Currently, the NSFR has achieved good power in recognizing schizophrenia, mood disorders, or those without mental illness^17,36. However, the role of NSFR in recognizing TRS has not been studied. This study is the first time to use NSFR in combination with clinical features to identify patients with TRS and NTRS. The results of this study suggested that a single NSFR has poor efficacy in recognizing TRS. Indeed, TRS is often not recognized in time in clinical settings. The findings of this study may provide a theoretical basis for the early identification of patients with TRS, which is expected to play a positive role in guiding the use of medication by clinicians. For example, clozapine is the only antipsychotic recommended for patients with TRS⁶, and it is more effective than other antipsychotics in relieving psychotic symptoms in patients with TRS^37,38. However, the use of clozapine is often delayed in patients with TRS³⁹. Multiple and high-dose antipsychotics were often used prior to the administration of clozapine with less benefit to the patient.

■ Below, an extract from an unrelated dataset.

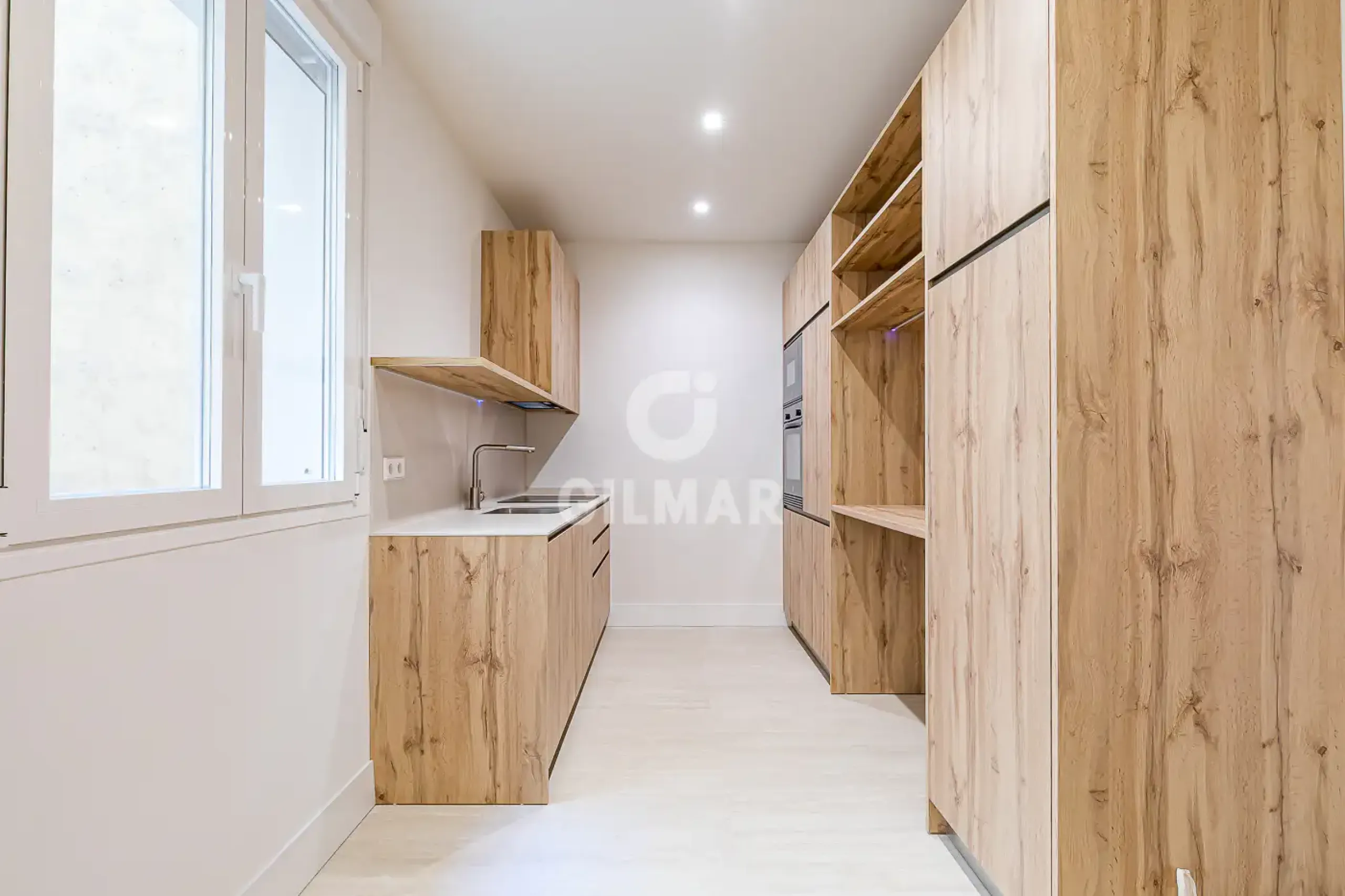 Apartment in Universidad - Madrid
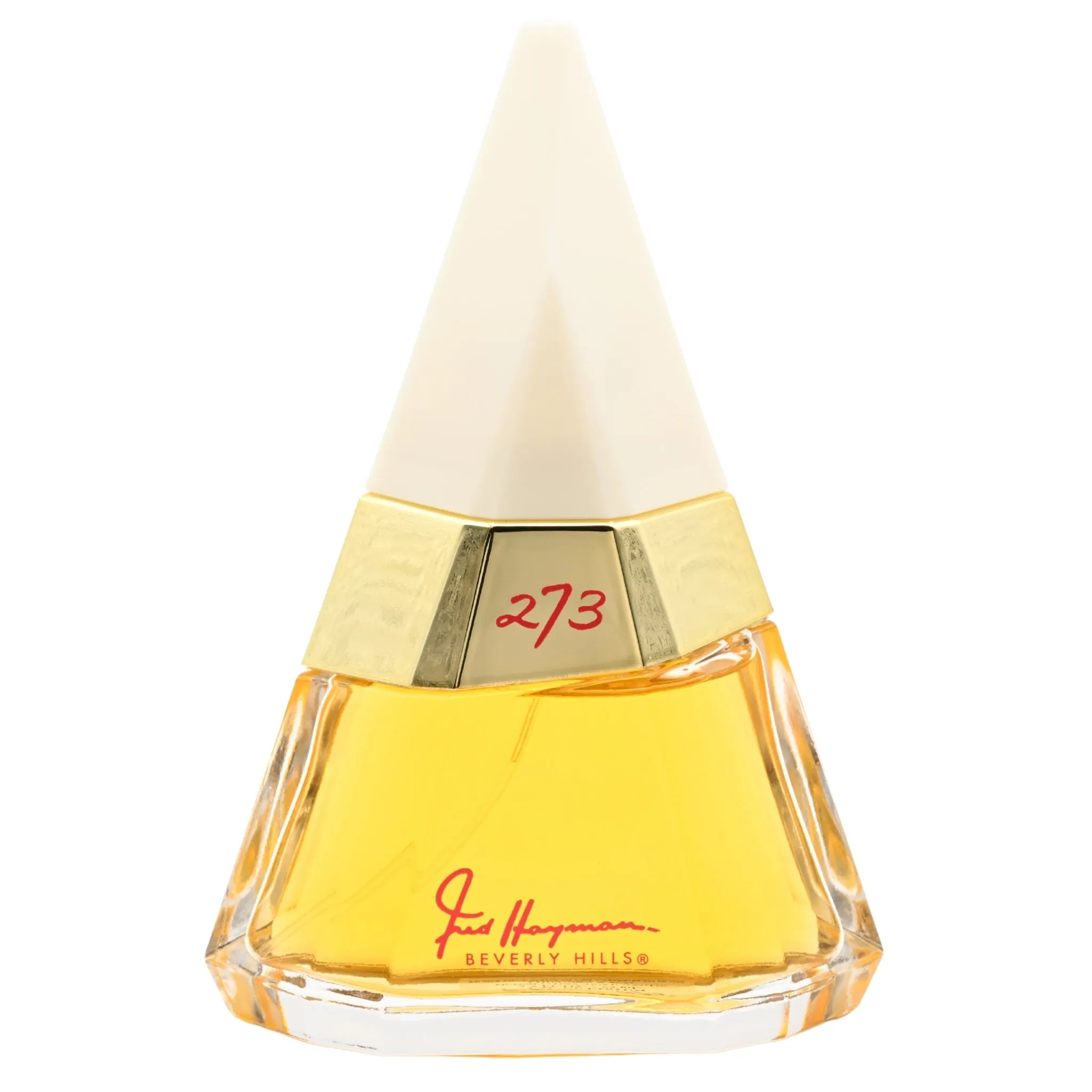 Fred Hayman Rodeo Drive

Therefore, if this period of inadequate treatment could be shortened, it would have important implications for patients’ symptomatic outcomes. In addition, the results of this study could be used for early identification of TRS and will have a salutary effect on the management of patients with TRS. Families, communities, and governments will need to focus on this group of patients to understand the dynamics of their illnesses and do a better job of prevention, which will play a positive role in reducing the economic burden on families and society.

Limitations

Firstly, our study did not have a healthy control group, and the difference in niacin between patients and healthy controls was not able to be measured. Secondly, the patients in this study were on long-term antipsychotic medication, and the effect of antipsychotic medication on the NSFR could not be ruled out. the patients were hospitalized for a long period of time, and the results of the study may be less applicable to outpatients, which needs to be further validated in the clinic.

Among the clinical features, the ITAQ has an important role in recognizing treatment-resistant schizophrenia. The NSFR has a poor efficacy in recognizing treatment-resistant schizophrenia.